Estamos empenhados em buscar um diálogo honesto e dar voz aos mais afetados pelo racismo na ciência. Mas também procuramos proporcionar aos leitores esperança e otimismo. Assim, nosso objetivo é mostrar alguns dos muitos exemplos de cientistas de sucesso que são negros, indígenas e povos de cor, destacar as melhores práticas e programas de empoderamento, e apresentar iniciativas que fortalecem a plena participação e liderança científica das comunidades africanas, indígenas e diásporas em todo o mundo.

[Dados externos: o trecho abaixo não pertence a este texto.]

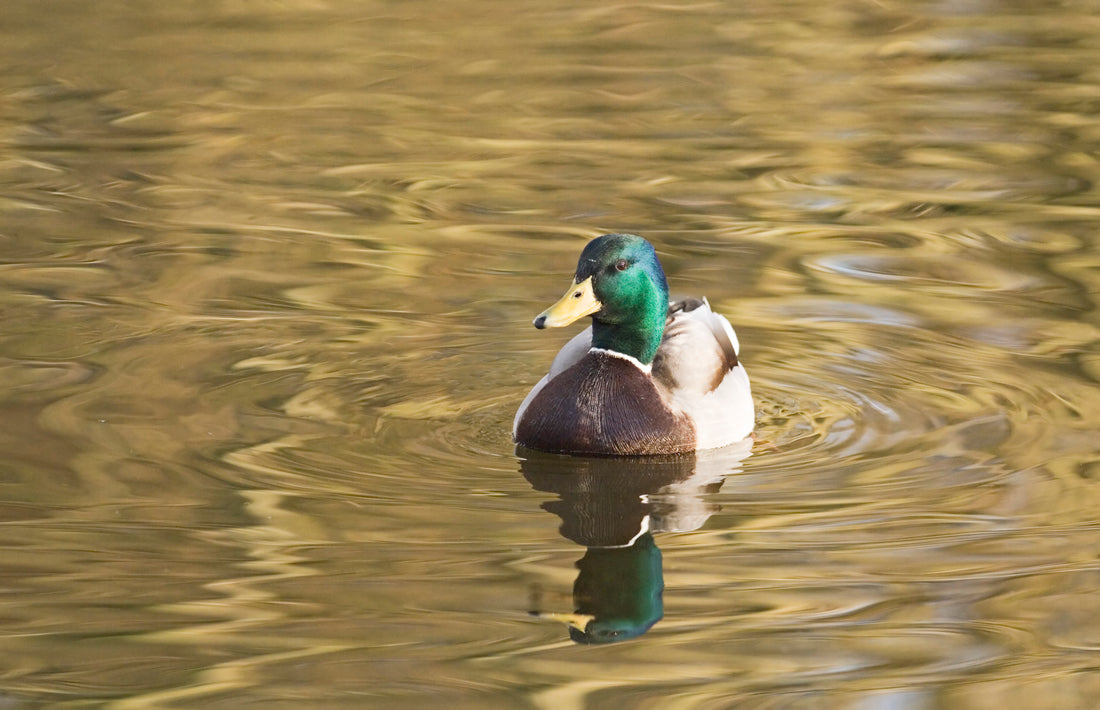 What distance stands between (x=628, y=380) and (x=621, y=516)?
93 cm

Os artigos explorarão alguns eventos e descobertas chave, extraídos tanto da literatura acadêmica como de experiências vividas. O conteúdo procurará compreender a natureza sistêmica do racismo na ciência - incluindo as instituições acadêmicas, governamentais, o setor privado e a cultura da ciência - que pode levar ou a uma ilusão de cegueira de cor (abaixo da qual ocorre um viés inconsciente) ou a práticas deliberadas que são desafiadoras em oposição à inclusão. Os artigos utilizarão as ferramentas do jornalismo em todos os formatos de mídia relevantes, assim como comentários e análises de especialistas, publicações de pesquisa primária e engajamento, e terão um forte componente visual.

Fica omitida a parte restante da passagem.